Thursday, December 8, 2011

Sesame Candy














Today is a recipe for a healthy candy.  A healthier one, anyway.   You might have seen honey-sesame bars in the natural or ethnic foods aisles.  According to that middle-eastern repository of culinary knowledge, wikipedia, sesame seeds are high in vitamins and anti-oxidants. They can also help reduce blood cholesterol.   Sesame candy also contains honey,  containing trace amounts of essential nutrients.  And lemon juice is just chock-full o'vitamin C.  Wow!  I feel healthier just thinking about eating this stuff!














Although most of the sesame seed products in the supermarket are in the middle-eastern aisles, they are not just a middle-eastern food item.  Versions of sesame candy are available all around the world wherever sesame plants grow.  Greece has Pastelli.  Israeli has Sukariyot Sumsum.  Puerto Rico's has dulce de ajonjoli. And India has Til Burfi, among others.  Although each country uses its own unique ingredients and spices, the basic recipe is still the same.
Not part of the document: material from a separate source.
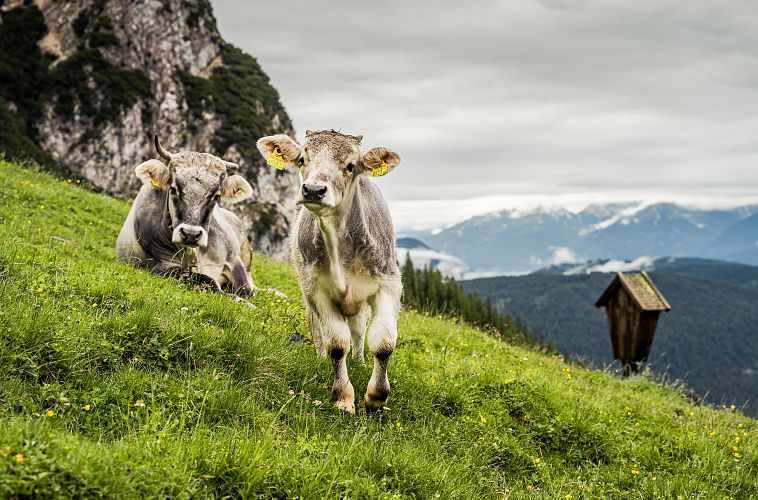kuh-und-kalb-oberhalb-von-der-wangalm-im-gaistal-bei-leutasch-13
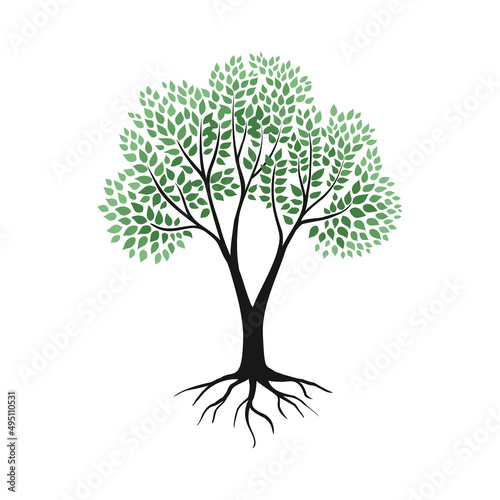 Tree with roots. Plant silhouette with leaves, branches and rhizome. Environment or ecology. Botanical element. Green foliage. Strength trunk. Genealogy and origins. Vector nature logo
This recipe is originally from Herbal Food. One-quarter of the white sesame seeds were replaced with black ones, mostly because I happened to have a jar of it in my pantry.  It's not enough to affect the flavor, but it sure looks pretty.  In any event, both kinds of seeds came pre-roasted (found in the oriental aisle ... my local Try-n-Save sure has lots of aisles ...).  If you prefer to roast seeds yourself, heat a saute pan over medium-high heat.  Add seeds then stir constantly just until seeds start to have brown tinges (about 2 minutes).  Immediately remove from heat (they will continue to toast from residual heat).  
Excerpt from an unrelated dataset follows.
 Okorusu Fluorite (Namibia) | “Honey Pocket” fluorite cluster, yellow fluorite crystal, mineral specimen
As I have mentioned in previous posts, temperature is critical ... a few degrees off can result in sesame caramel.  Not necessarily bad, but not what we are aiming for here.
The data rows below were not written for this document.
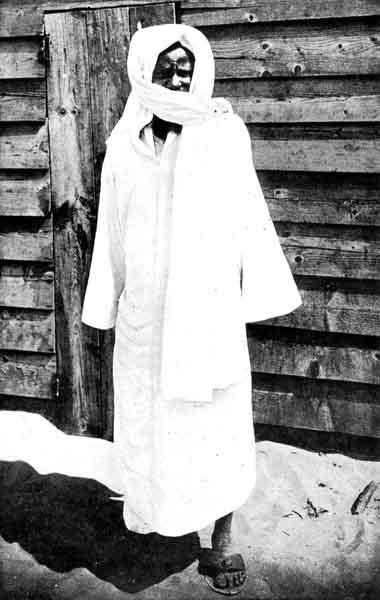 serigne bamba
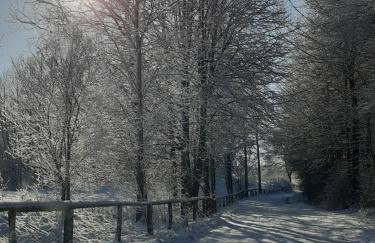 Marcinowa Zagroda - Foto 22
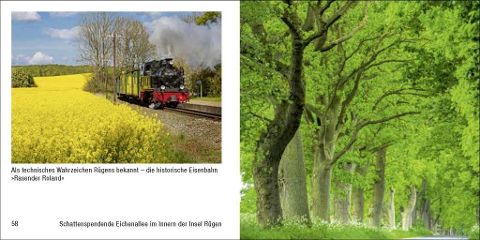 additionalImage5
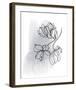 Botanique en Gris 1-Bronwyn Baker-Framed Art Print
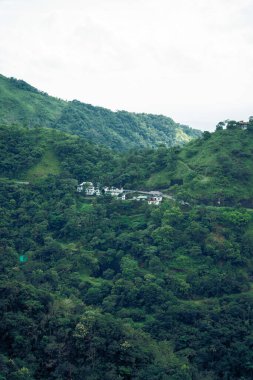 Yamaçları saran yemyeşil ormanlı güzel bir dağ sırası. Uzakta.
Speaking of temperature, use a wooden spoon for stirring.  If you insist on using a metal spoon, be sure to wear an oven mitt to avoid burning your dainty fingers. If you have a nylon spoon, check for it's maximum temperature resistance.  Melted nylon or plastic might affect the flavor a tad.

Haven't mentioned it often enough, but my new favorite kitchen utensil is  a silicon baking sheet.  It is the greatest tool in the world for candy-making.  No need for butter nor grease.  It laughs at nuclear-hot molten candy.  And, after several weeks of non-stop candy-making, I actually hear its laughter ... it's even louder than screaming tomatoes.  But I digress ...   


Sesame Seed Candy
Based on a recipe from Herbal Food

1 1/2 cups granulated sugar
1/2 cup honey
2 Tbl. water
1 tsp. lemon juice
1 tsp. ground cinnamon
1/8 tsp. salt
3/4 cup white sesame seeds mixed with 1/4 cup black sesame seeds, or all white seeds

Set a silicone baking sheet on a large regular baking sheet.  Alternatively, line a large rimmed baking sheet with foil; heavily spray with cooking spray.  Set aside.














Combine sugar, honey, water and lemon juice in a 2 quart saucepan over medium-low heat.  Stir continuously, with a wooden spoon, until sugar is dissolved.














Bring to a boil, reduce heat to low, then insert a candy thermometer.  Continue to cook, stirring occasionally with wooden spoon, until temperature reaches 300F, about 20 minutes. 














Remove from heat.  Stir in cinnamon, salt and sesame seeds.














Carefully pour molten candy onto prepared baking sheet.














Try to nudge lava candy into a rectangle shape for ease of cutting into uniform-sized pieces later.  When cool enough to handle but still slightly warm (5-15 minutes, depending upon kitchen temperature), peel candy slab from pan and place on cutting board lined with wax paper.













Cut slab longways into inch-wide lengths, then cut crossway into bars, squares or diamond shapes (as shown).  Occasionally peel candy slab and long lengths from wax paper to prevent permanent bonding.  As it cools, it will lose its stickiness, but will be much more difficult to cut.  Shattered candy doesn't lose its flavor, but it's not as pretty.

Allow candy to cool completely.  Store at room temperature in single layers between wax paper in a tightly covered container for a week.  For longer storage, freeze.  Defrost, still in container to prevent condensation.














Ooh, shattered pieces scooted all the way out here!